J’ai acheté il y a quelques jours mon premier livre de Fernando Pessoa, par hasard comme souvent : ce n’est pas une réussite. Ce Lisbonne, c’est une sorte de guide touristique, dont il avait projeté la publication vers 1925, sans qu’il vit le jour de son vivant. C’est une traduction de l’anglais : peut-être que Pessoa l’a écrit directement dans cette langue, qu’il parlait. J’espère (ça m’est arrivé de devoir lire un livre d’abord passé de sa langue d’écriture à l’anglais : le premier roman de Kenzaburo Ôe, Une affaire personnelle. Malheureux de n’avoir pas trouvé de traducteur du japonais pour ça…). Le problème est plutôt que l’ouvrage n’a aucun intérêt. Il s’agit d’une recension systématique de tout ce qu’on pouvait alors voir à Lisbonne en matière de monuments : c’est d’un monotone plombant. Rien qui laisse supposer la marque d’un écrivain — grand ou pas : c’est sans style, sans aucune originalité. Même souvent d’un goût douteux : il invite à visiter jusqu’aux casernes militaires. Il s’attarde en coûteuses descriptions sur la moindre statue de saint ou de n’importe qui, jamais sortie des fonderies avant 1880 (des objets rarement intéressants d’un point de vue artistique). Sans compter le nombre de fois où il s’appesantit sur le coût de tel édifice – tant de millions de livres sterling, c’est vraiment beaucoup d’argent –, ou le poids de telle pièce d’un trésor d’église… Des quartiers comme Alfama sont bâclés en deux phrases, ce qui n’est pas pour surprendre. Mais ça n’explique pas ce conformisme réactionnaire qui assomme à toutes les pages. Je ne connais pas Pessoa. Mais à une époque où on s’enthousiasmait en Europe pour les arts primitifs, où l’abstraction en peinture avait déjà quelques années, des jugements de ce type chez un écrivain novateur sont assez incroyables. Même si on ne peut pas toujours être à la pointe dans tous les arts (fait maintes fois constaté), et que le livre est émaillé de connotations nationalistes où la démarche s’explicite un peu, j’ai du mal à croire que le Portugal ait pu être aussi arriéré alors. Et s’il s’est agi d’une commande d’un éditeur de l’époque, on se demande ce qui a bien pu pousser un homologue français d’aujourd’hui a faire imprimer ce pensum – un pieux exégète, il faut croire.

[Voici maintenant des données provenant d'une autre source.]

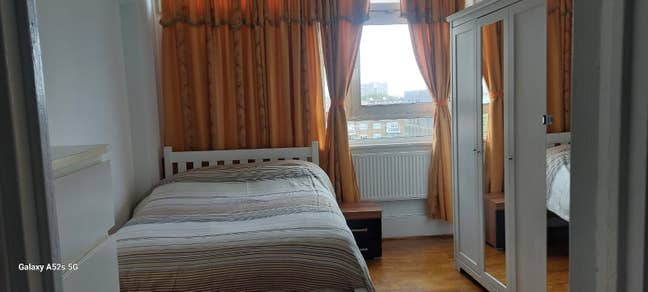 Quirky Double Room- Old Street Zone 1 Main Photo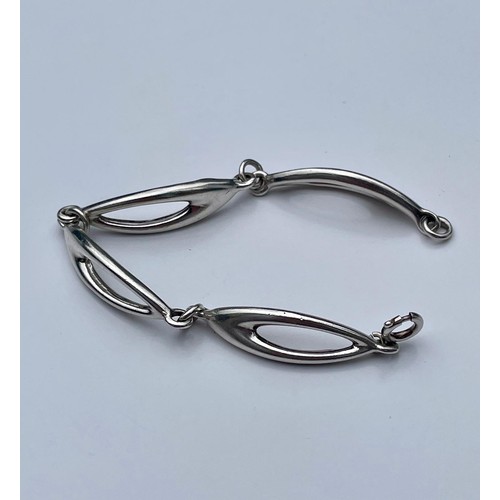 112 - An interesting silver bracelet. 21g.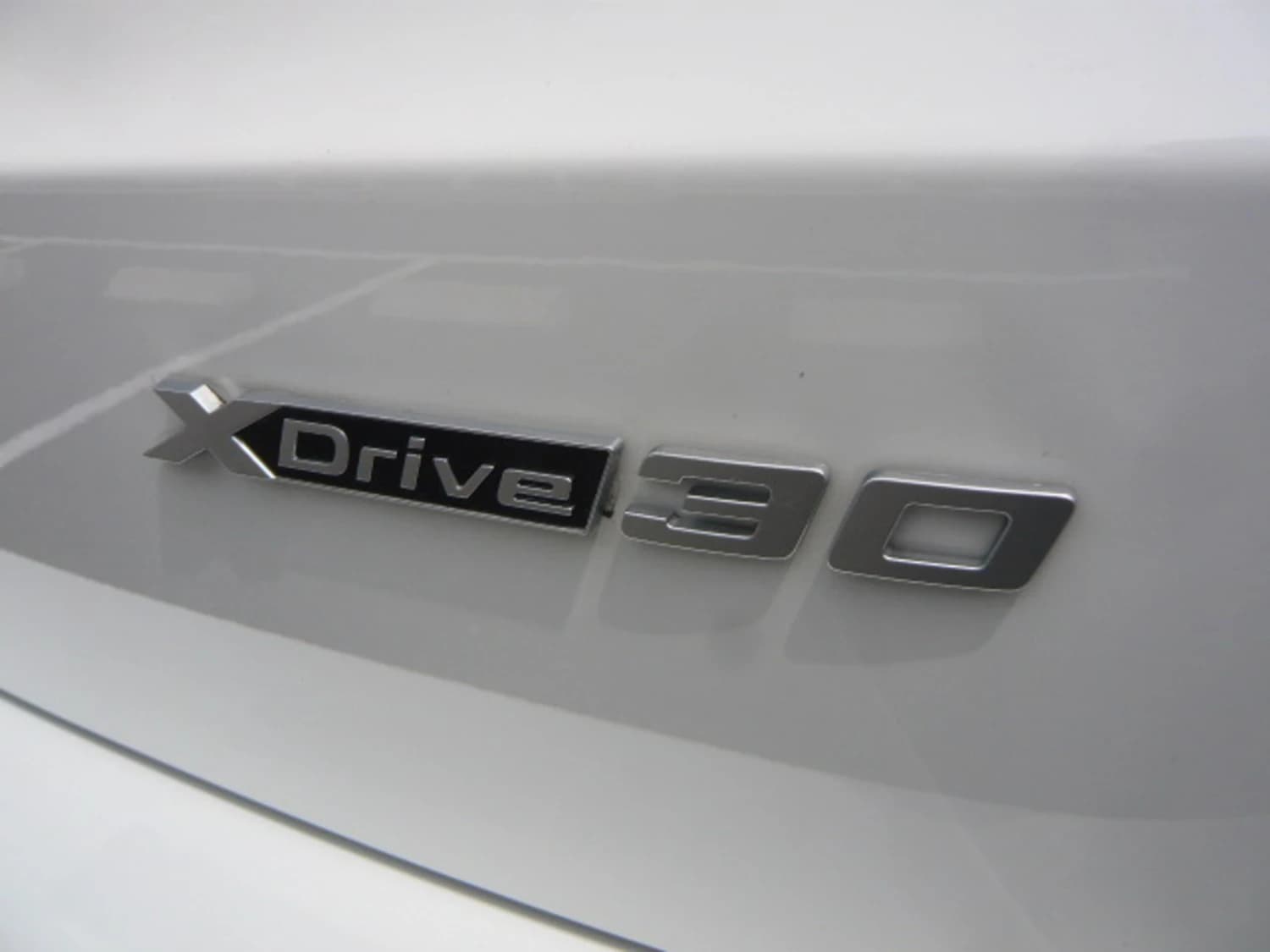 BMW iX1 xDrive 30 - фото 36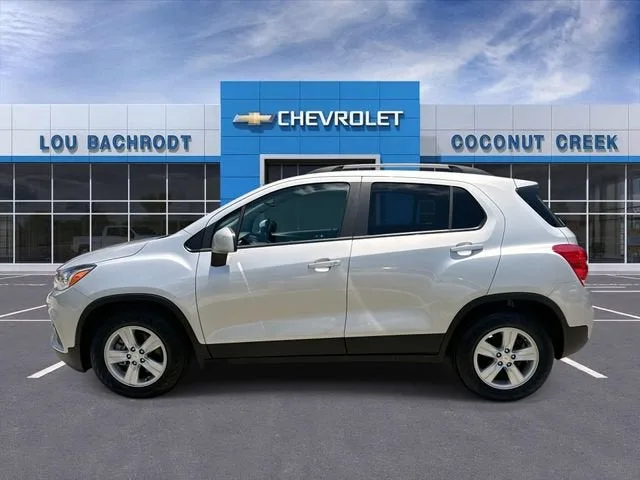 2022 Chevrolet Trax LT photo 5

Rien qui évoque Lisbonne, qui plus est, et donne à voir un peu de ce qu’est cette ville effectivement merveilleuse. Rien qui parle à l’imagination et au désir ! Une fastidieuse liste de monuments et de bâtisses sans âme. C’est à n’y rien comprendre, si Pessoa est Lisbonne, comme on le dit, et que la ville hante son œuvre comme il en a épuisé les ruas, les largos et les calçadas à moitié ivre. N’importe quel écrivain qui a parlé de Lisbonne l’a fait mieux que ça.